The goblin stared at him, its expression horrified, as if to say
How could you?

Bookbinder raised his pistol and shot it.

For all his lack of practice, he caught the creature in the middle of its forehead. Its look of horrified violation turned to surprise, then emptiness, then it fell over on its side, shuddered, and was still.

Bookbinder looked down. The chunk of concrete he had leaned against now smoldered with Pyromantic fire. It began to flake apart, the rebar inside glowing a dull red. Magical flame danced across its surface, dusting the air with black smoke.

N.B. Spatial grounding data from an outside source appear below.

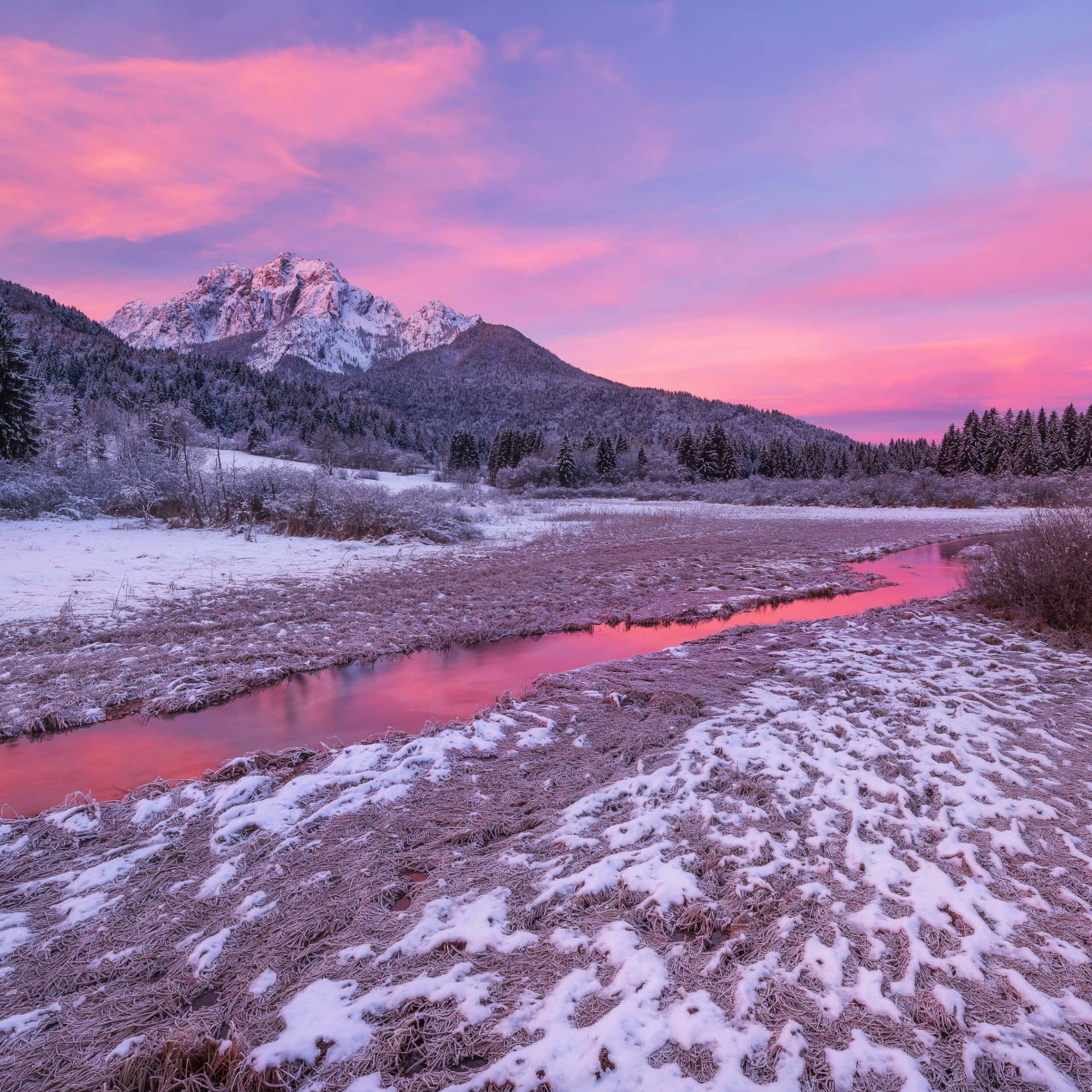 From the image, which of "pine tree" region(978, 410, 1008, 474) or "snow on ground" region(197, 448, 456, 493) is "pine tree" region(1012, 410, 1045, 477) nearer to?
"pine tree" region(978, 410, 1008, 474)

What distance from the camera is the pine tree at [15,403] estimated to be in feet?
92.0

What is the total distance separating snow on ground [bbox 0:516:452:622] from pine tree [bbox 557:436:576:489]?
4577 centimetres

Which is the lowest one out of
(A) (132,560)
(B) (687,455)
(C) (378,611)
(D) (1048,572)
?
(C) (378,611)

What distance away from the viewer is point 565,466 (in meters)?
67.6

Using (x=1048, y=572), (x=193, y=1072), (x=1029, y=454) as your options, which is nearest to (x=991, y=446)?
(x=1029, y=454)

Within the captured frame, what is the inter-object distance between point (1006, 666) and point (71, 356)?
126 m

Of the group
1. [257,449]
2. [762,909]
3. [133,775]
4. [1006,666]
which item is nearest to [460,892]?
[762,909]

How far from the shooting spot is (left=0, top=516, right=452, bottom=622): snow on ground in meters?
12.1

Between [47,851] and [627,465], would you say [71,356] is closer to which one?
[627,465]

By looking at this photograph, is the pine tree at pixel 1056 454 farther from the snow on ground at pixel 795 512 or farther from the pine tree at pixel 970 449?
the snow on ground at pixel 795 512

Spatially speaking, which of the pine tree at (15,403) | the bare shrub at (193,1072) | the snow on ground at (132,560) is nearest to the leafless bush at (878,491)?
the snow on ground at (132,560)

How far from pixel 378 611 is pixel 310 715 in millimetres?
4855

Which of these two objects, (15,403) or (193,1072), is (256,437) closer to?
(15,403)

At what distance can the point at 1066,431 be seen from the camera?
67000 millimetres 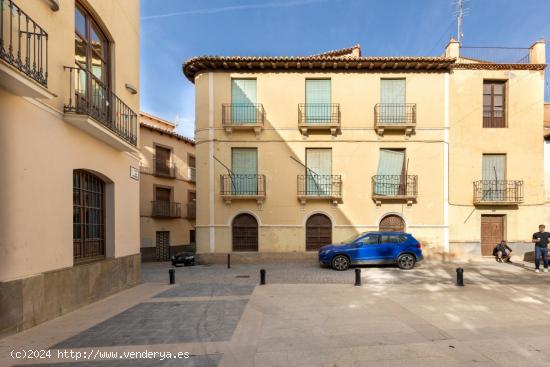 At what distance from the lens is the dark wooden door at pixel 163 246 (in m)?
20.7

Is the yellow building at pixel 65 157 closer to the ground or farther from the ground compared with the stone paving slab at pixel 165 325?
farther from the ground

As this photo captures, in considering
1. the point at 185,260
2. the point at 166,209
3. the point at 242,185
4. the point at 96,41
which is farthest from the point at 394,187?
the point at 166,209

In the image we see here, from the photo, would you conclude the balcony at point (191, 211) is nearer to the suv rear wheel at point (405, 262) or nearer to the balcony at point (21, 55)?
the suv rear wheel at point (405, 262)

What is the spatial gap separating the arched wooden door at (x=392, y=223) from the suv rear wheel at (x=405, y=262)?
8.94 feet

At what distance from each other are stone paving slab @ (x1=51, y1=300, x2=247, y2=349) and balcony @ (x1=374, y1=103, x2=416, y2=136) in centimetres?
1118

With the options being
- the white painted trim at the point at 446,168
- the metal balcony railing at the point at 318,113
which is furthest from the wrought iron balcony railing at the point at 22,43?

Bookbinder could feel the dead goblin’s current, now coming from that chunk of wreckage. His own tide vaguely flickered through him, pulsing toward it.

He furrowed his brow and rolled the tide back. A moment later, the sense of the goblin’s current ceased, the fire flickering out, until it was just an ordinary chunk of masonry again.

And then Bookbinder noticed that the tide of battle had turned.

An avenue of gore opened through the goblins, wide as a two-lane road. The ground churned to mud beneath a carpet of lead, chunks of earth the size of a man’s fist bouncing skyward to mix with the shredded flesh of goblin, wolf, and giant alike.